I just spent a happy half hour googling around on the subject of crowd numbers (yes, the recent rallies in Washington DC sparked this off).

CBS News was slated by supporters of Glenn Beck for its estimate of his rally attendance (87,000), so they published the methodology and here's their estimate for the Rally for Sanity (215,000). Both have a 10% margin of error. Their estimate for the Obama inauguration was 800,000 by the way, lower than others.
  • Blog by the expert partnering the survey company. It has plenty of links and information about the subject.
  • Plenty of first hand accounts of the latter rally.
  • Overhead view of the main crowd areas - in both cases more people were further away:

When I looked up rational estimates by supporters, one reason for disparity was obvious - crowd density. In camera shots taken from the ground (or even the top of monuments) density isn't clear, but the company CBS hired used a robot balloon camera that could do both overhead shots and oblique ones to see beneath trees. It was on the spot and could tour the whole crowd, later estimators were not.

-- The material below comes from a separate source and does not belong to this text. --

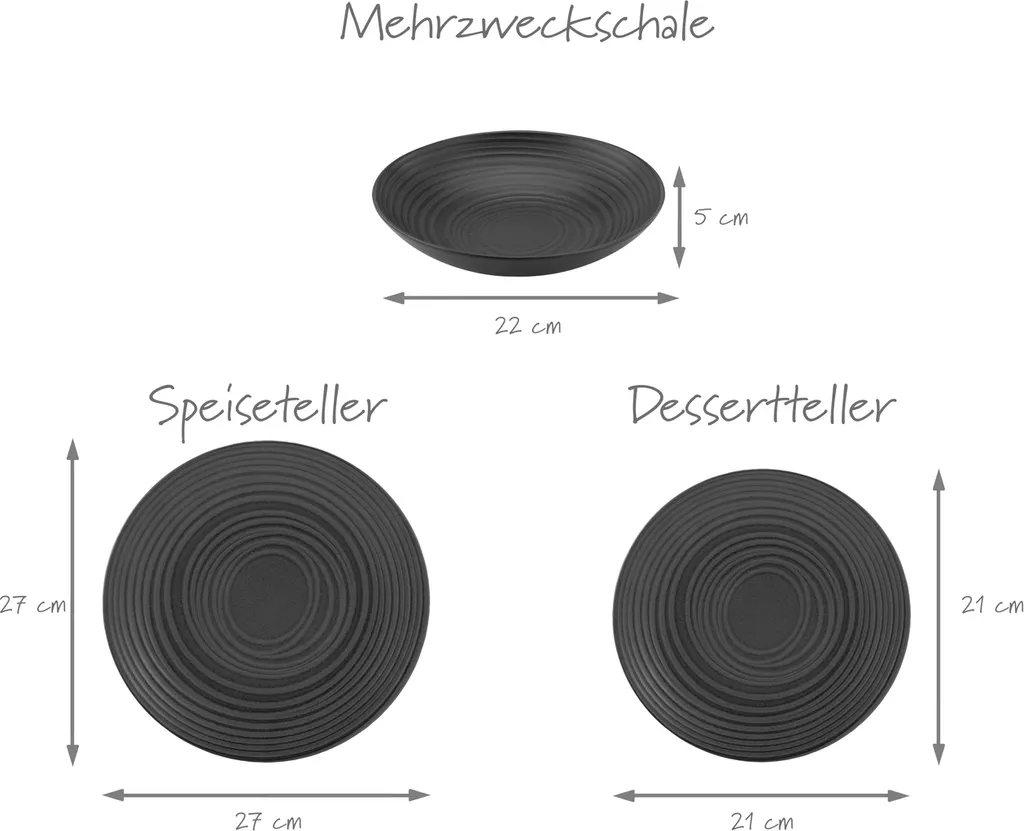 CreaTable 23205 Tafelservice Elements Collection Lava Stone Für 4 Personen, Steinzeug, Schwarz/grau (1 Set, 12-teilig) 3 CreaTable 23205 Tafelservice Elements Collection Lava Stone Für 4 Personen, Steinzeug, Schwarz/grau (1 Set, 12-teilig) – Bild 3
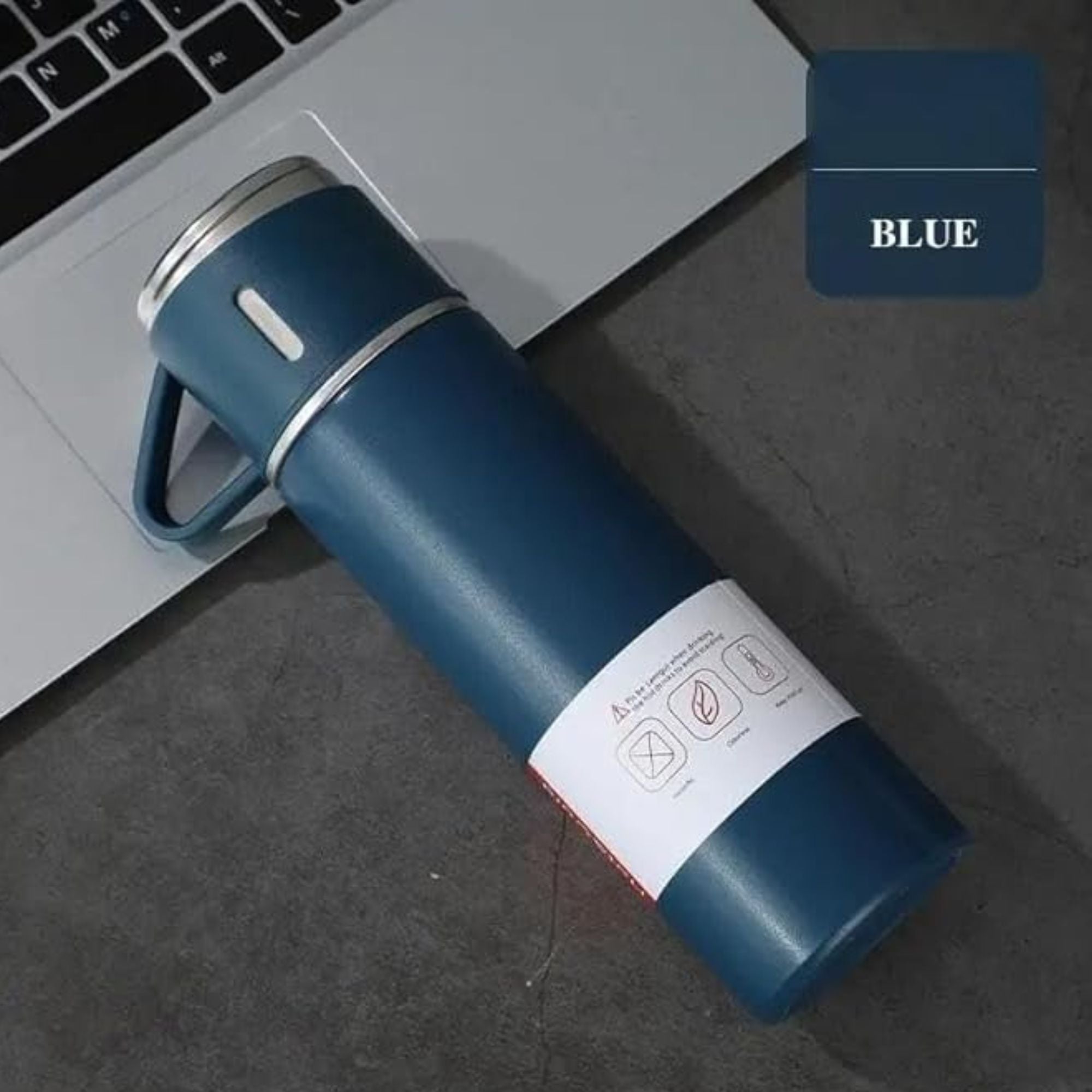 Shayona Stainless Steel Blue Vacuum Flask With 2 Cups Gift Set, For Office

The conclusion is much as usual. How was the data obtained? What is the margin of error? Why do you suppose you can understand any of this without having done Statistics 101 or switched your brain on before reading?

Also, take a look at who is giving you different data with no sources and no proof. If they claim that a source is wrong because they don't like what it says and then next week that the same source is totally accurate, alarm bells should be ringing in your head.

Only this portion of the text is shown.